If you’re struggling, frustrated, and feeling overwhelmed as a parent, it may be because you’re a confused parent.

I have found in my own life, and in the lives of those I have counseled, that many moms and dads confuse God’s will for parenting with their own will. It’s seldom expressed and often unconscious, but it operates nonetheless and has a significant impact on everyone in the family.

Here’s how it plays out: many parents are motivated more by what they want for their children and from their children rather than what God has planned to do through them in their children.

I like to summarize this confusion with two simple identities: Owner and Ambassador.

Ownership Parenting is not overtly selfish, abusive, or destructive. It seems right, it feels right, and it does many good things. But, it is foundationally misguided and misdirected and will not produce what God intends in the lives that he has entrusted to our care.

Ambassadorial Parenting begins with the radical and humbling recognition that our children don’t actually belong to us. Rather, every child is God’s posession for his purpose (see Psalm 127:3).

Ambassador (from 2 Corinthians 5:20) really is the perfect identity for what God has called parents to be and to do. The only thing an ambassador does, if they’re interested in keeping their job, is to faithfully represent the message, methods, and character of the leader who has sent them.

Parenting is ambassadorial work from beginning to end. It’s not to be shaped and directed by personal interest, personal need, or cultural perspectives. Every parent is called to recognize that they have been put on earth at a particular time and in a particular location to do one thing in the lives of their children: represent the will of God.

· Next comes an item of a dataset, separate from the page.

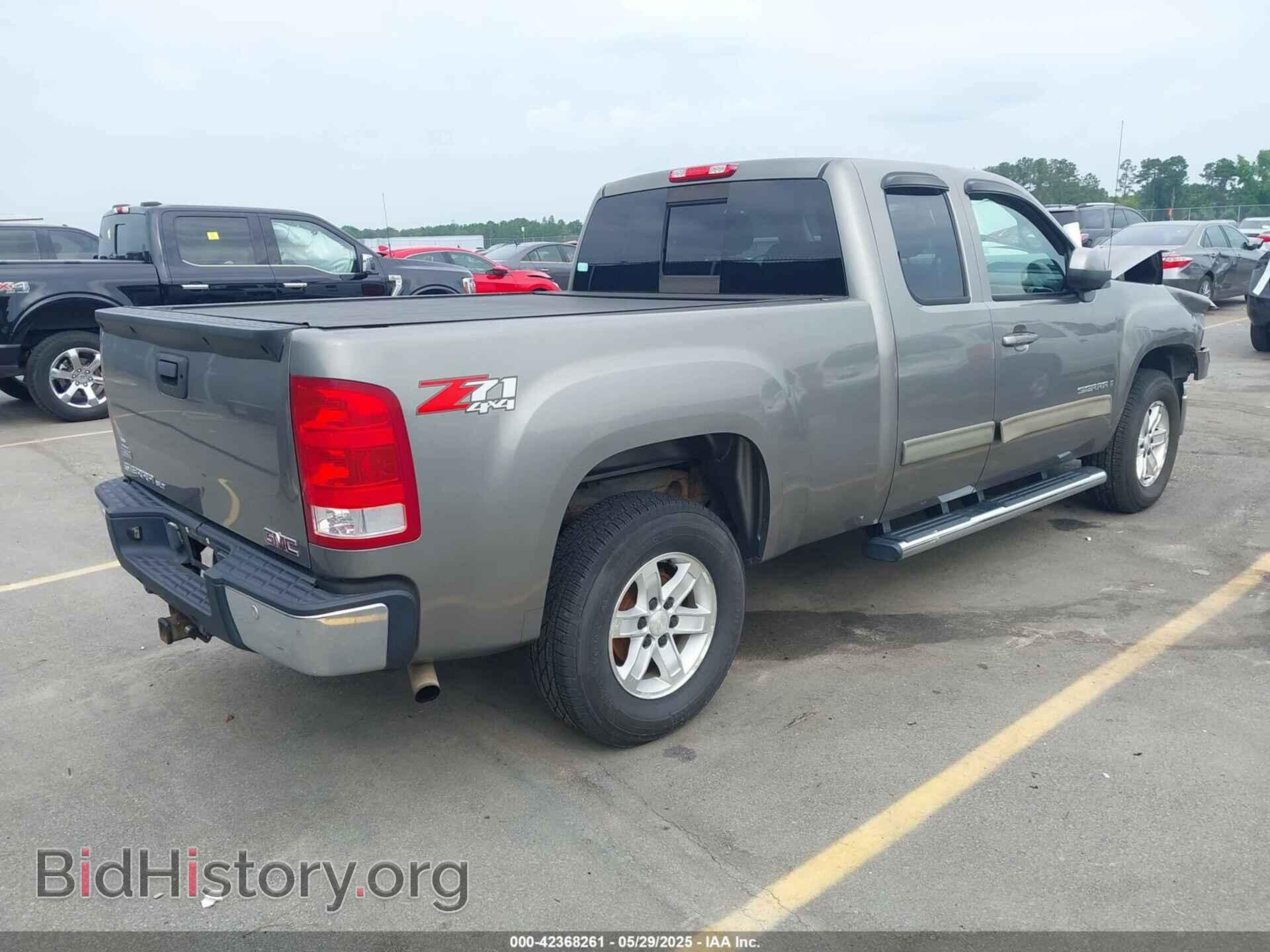 2007 GMC SIERRA 1500 - VIN: 1GTEK19087Z523488 - Фото 4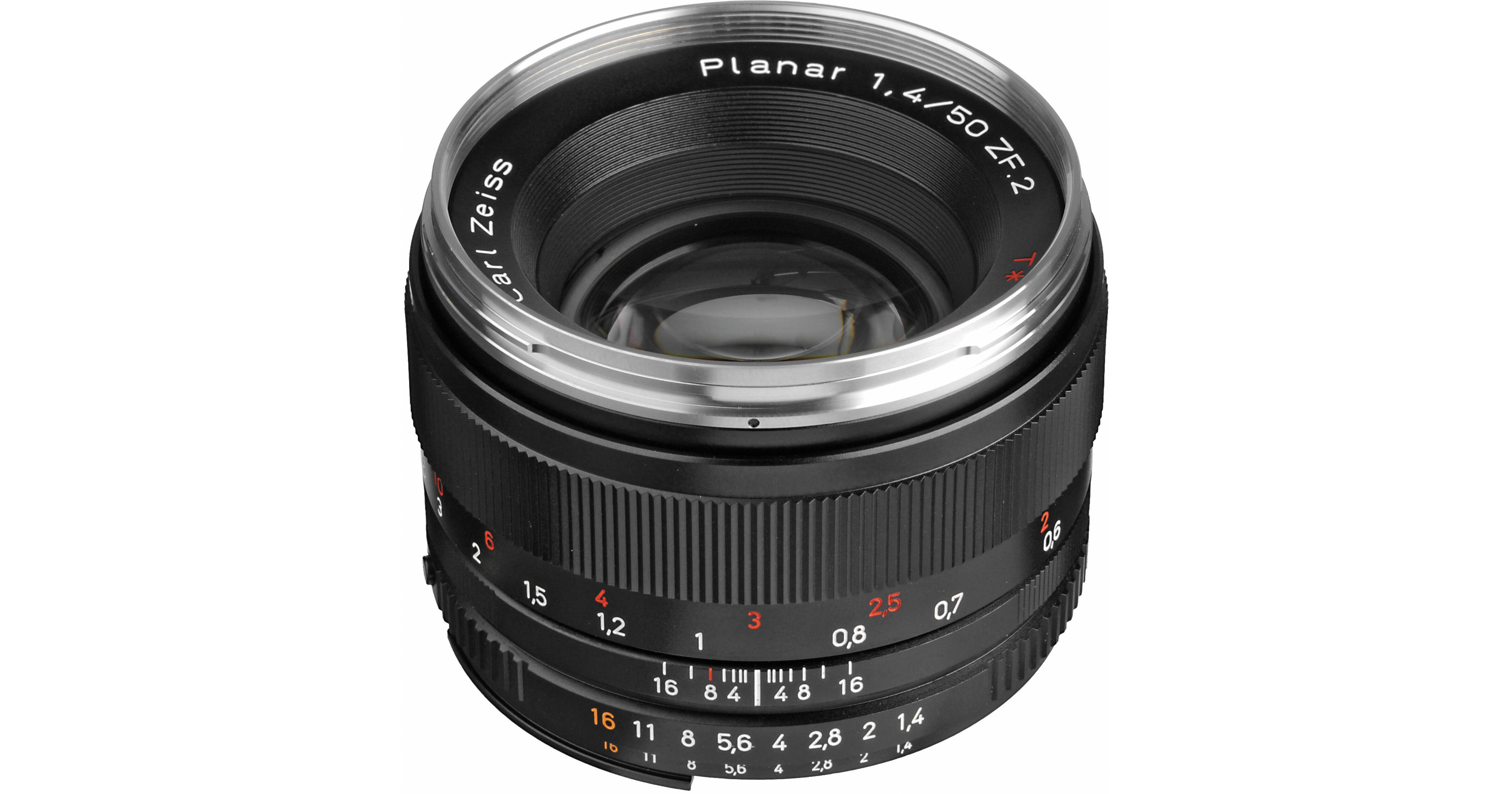 Zeiss Planar T* 85mm f/1.4 ZF.2 (F-Mount)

I must admit: I was very bad at what I am now writing about! I often treated my four children (who are grown) as if they were my possessions. I often took parenting into my own hands and did things I shouldn’t have done. I was often a very poor representative of God, propelled by fear more than faith, and seeking short-term gain more than long-term transformation.

You’re probably like me. What parent can look back on the days, weeks, months, and years that they had with their children with no regret whatsoever? That’s why it’s so important to humbly recognize how counterintuitive ambassadorial parenting is and seek the rescue and the power that only God can provide.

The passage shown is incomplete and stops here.